Print the listing exactly as it stands. Skip every picture.
^^^^^^^^
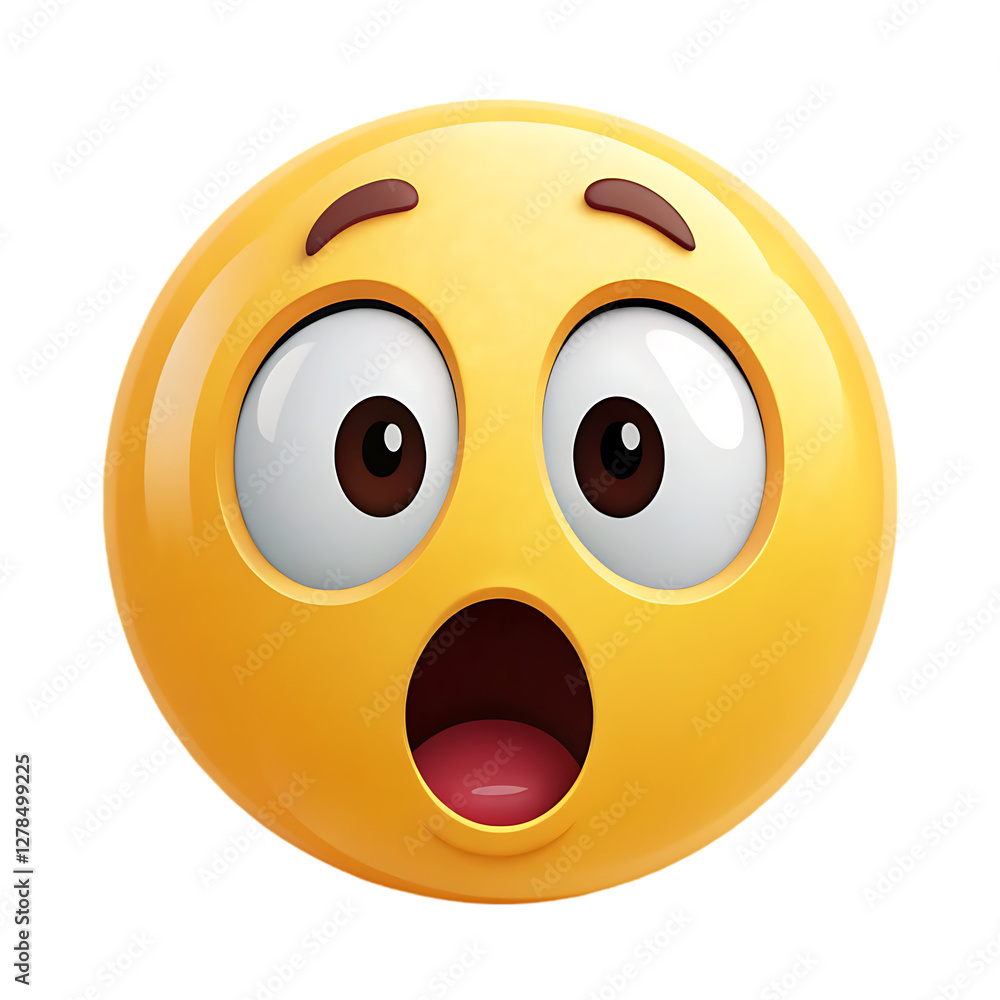 Fototapeta premium A really high quality 3d surprise yellow face emoji illustration isolated on white background. A yellow surprised emoji with open mouth and big open eyes illustration on white. The most used for 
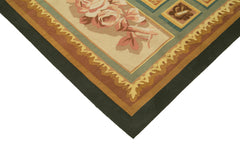 Aubusson Floral Beige Floral Cotton Wool Handmade Area Rug 9'2'' x 12'1''
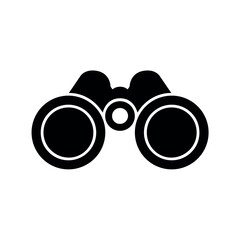 Binoculars vector silhouette isolated on transparent background.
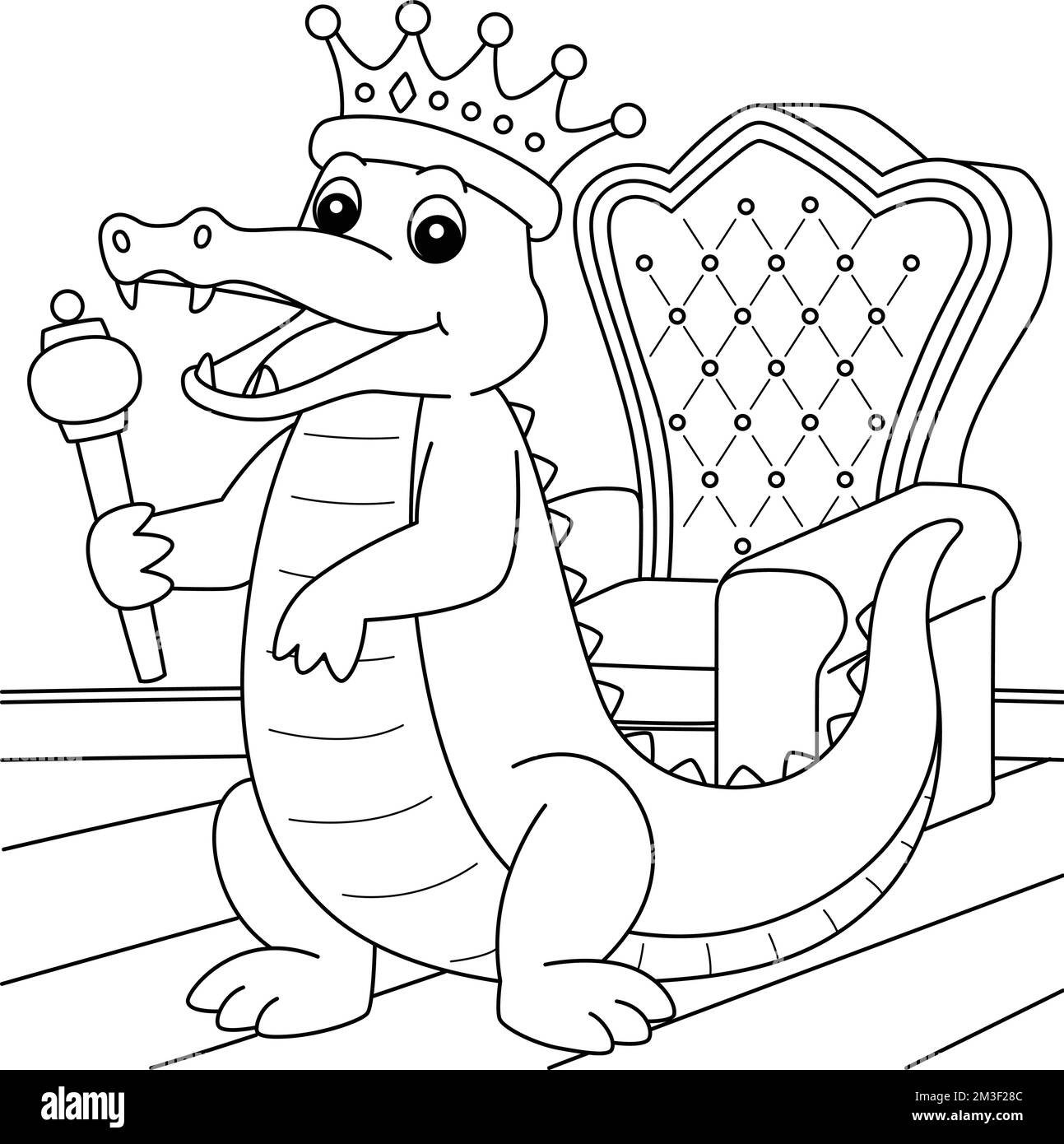 Mardi Gras Crown King Crocodile Coloring Page Illustrazione Vettoriale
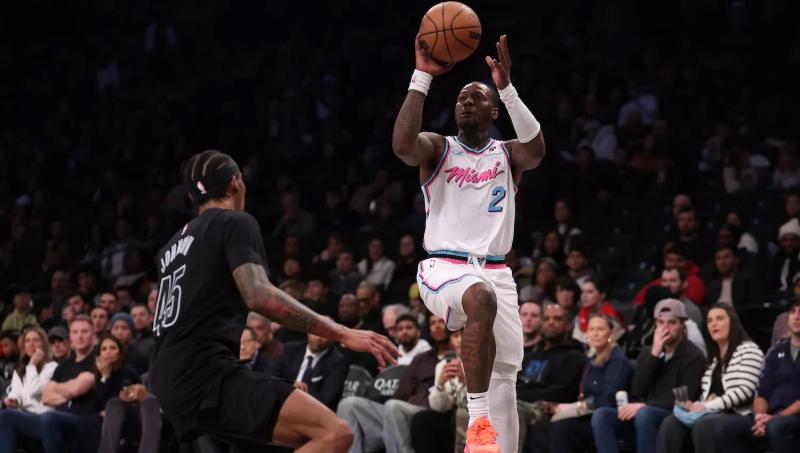 Terry Rozier #2 of the Miami Heat attempts a shot during the second half against the Brooklyn Nets at Barclays Center on January 25, 2025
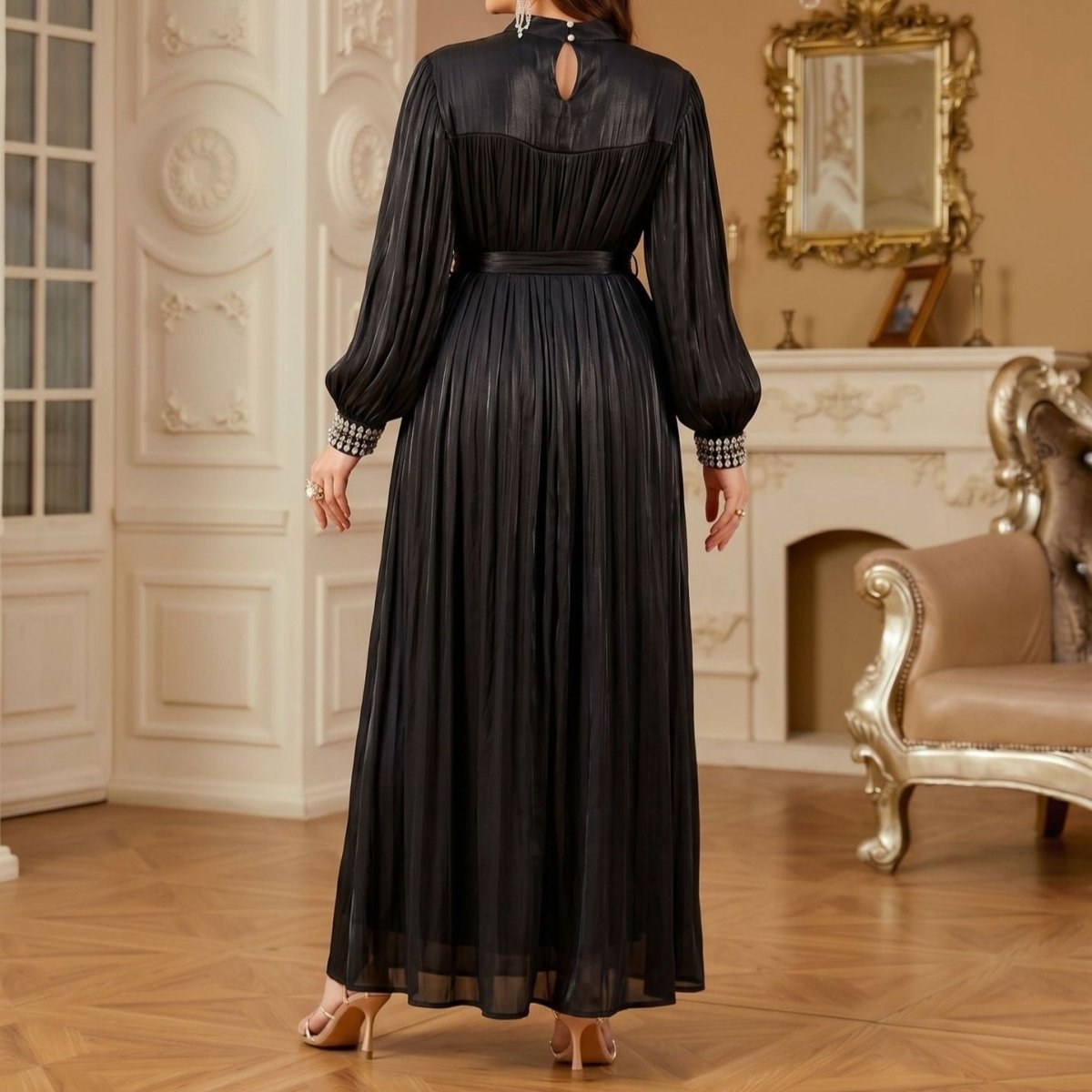 Luxury Rhinestone Collar Maxi Dress(MA440) - Mariam's Collection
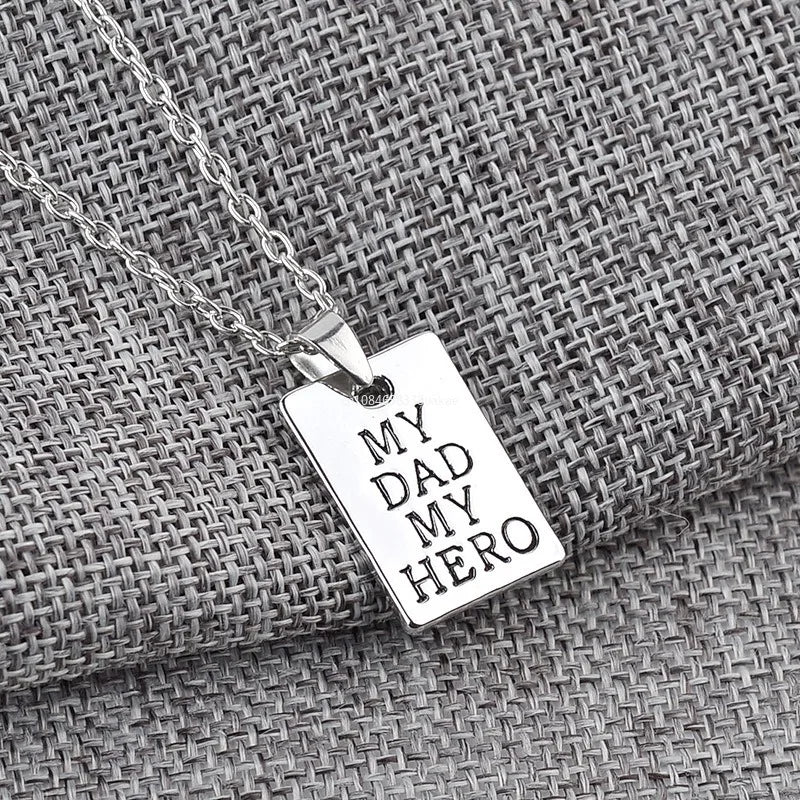 1Pcs "MY DAD MY HERO" Men's and Women's Necklace Square Carved Letter Pendant Accessories Father's Day Gifts pulsera hombre - Clikcy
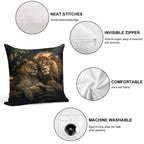 Lion And Lioness Soft Washable Throw Pillow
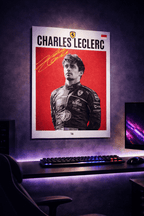 Charles Leclerc Ferrari acrylic wall poster, Off Finds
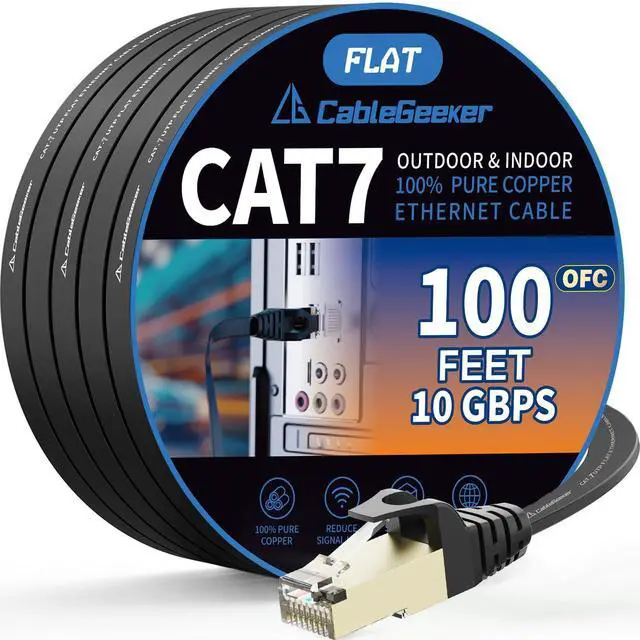 Main image of Cat 7 Shielded Ethernet Patch Cable 100 ft Black (Highest Speed Cable) Cat7 Flat Internet Network Cables with Snagless RJ45 Connector for Modem, Router, LAN, Computer + Free Clips and Straps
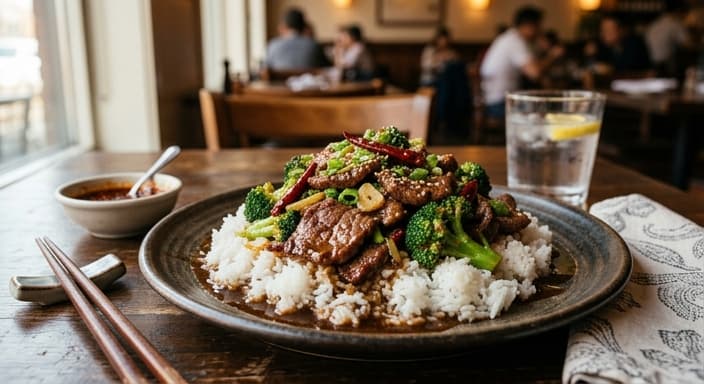 Sichuan-Style Beef and Broccoli with Soy-Garlic Sauce and Rice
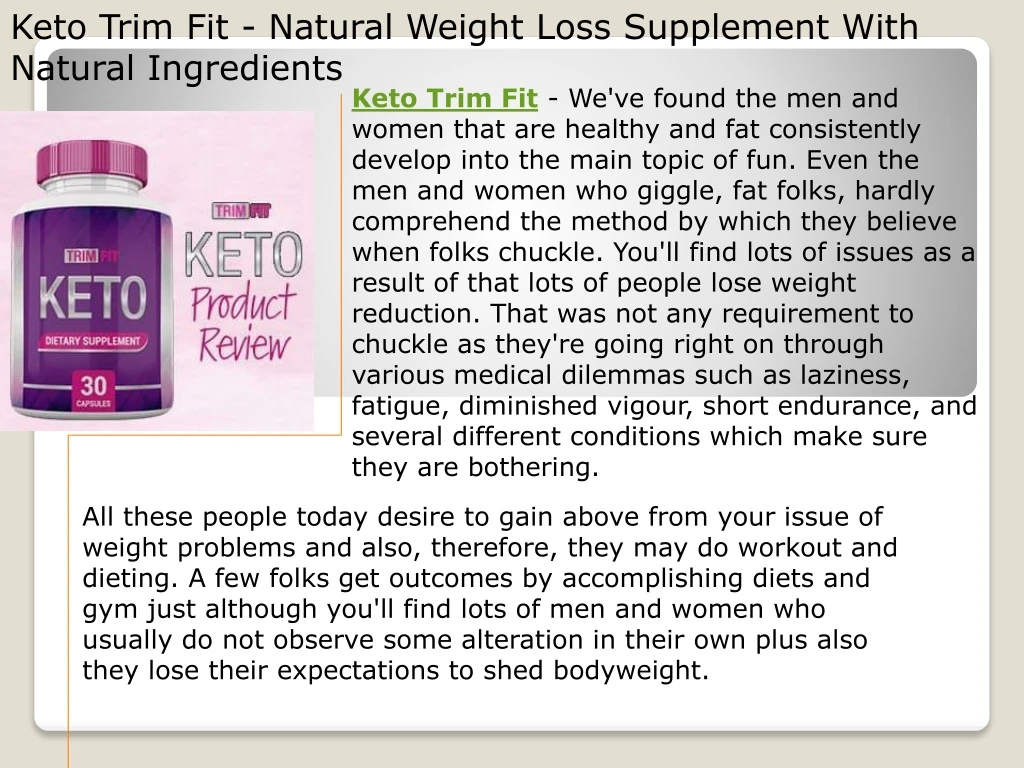 keto trim fit natural weight loss supplement with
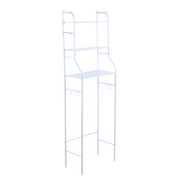DTIG 3 Shelf Sailing Ship-Shaped over the Toilet Rack, Bathroom Corner Stand Storage Steel Organizer Accessories, White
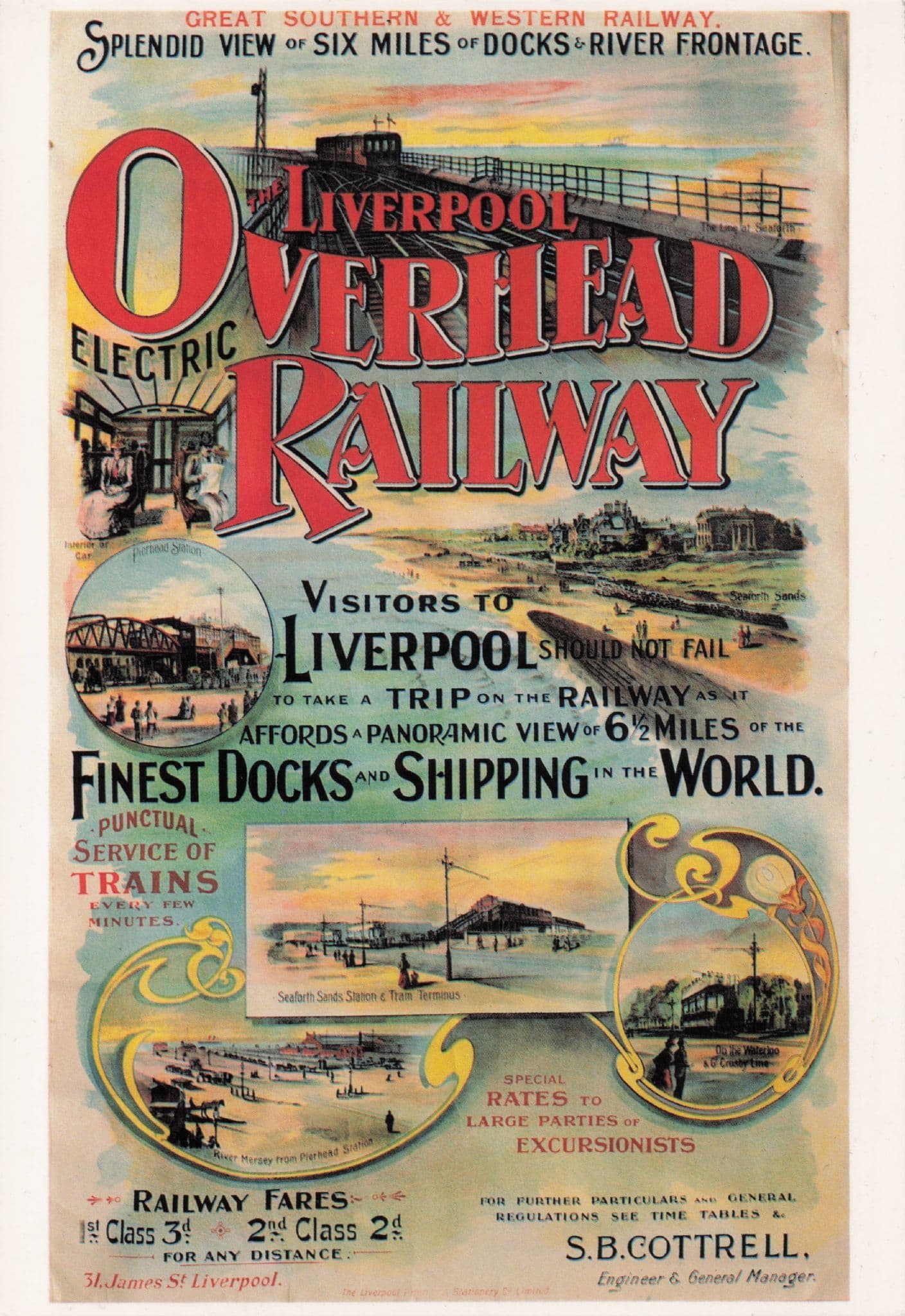 Liverpool Overhead Railway Train Docks Travel Poster Advertising Postcard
^^^^^^^^
*Answer box:*
 Fototapeta premium A really high quality 3d surprise yellow face emoji illustration isolated on white background. A yellow surprised emoji with open mouth and big open eyes illustration on white. The most used for 
 Aubusson Floral Beige Floral Cotton Wool Handmade Area Rug 9'2'' x 12'1''
 Binoculars vector silhouette isolated on transparent background.
 Mardi Gras Crown King Crocodile Coloring Page Illustrazione Vettoriale
 Terry Rozier #2 of the Miami Heat attempts a shot during the second half against the Brooklyn Nets at Barclays Center on January 25, 2025
 Luxury Rhinestone Collar Maxi Dress(MA440) - Mariam's Collection
 1Pcs "MY DAD MY HERO" Men's and Women's Necklace Square Carved Letter Pendant Accessories Father's Day Gifts pulsera hombre - Clikcy
 Lion And Lioness Soft Washable Throw Pillow
 Charles Leclerc Ferrari acrylic wall poster, Off Finds
 Main image of Cat 7 Shielded Ethernet Patch Cable 100 ft Black (Highest Speed Cable) Cat7 Flat Internet Network Cables with Snagless RJ45 Connector for Modem, Router, LAN, Computer + Free Clips and Straps
 Sichuan-Style Beef and Broccoli with Soy-Garlic Sauce and Rice
 keto trim fit natural weight loss supplement with
DTIG 3 Shelf Sailing Ship-Shaped over the Toilet Rack, Bathroom Corner Stand Storage Steel Organizer Accessories, White
 Liverpool Overhead Railway Train Docks Travel Poster Advertising Postcard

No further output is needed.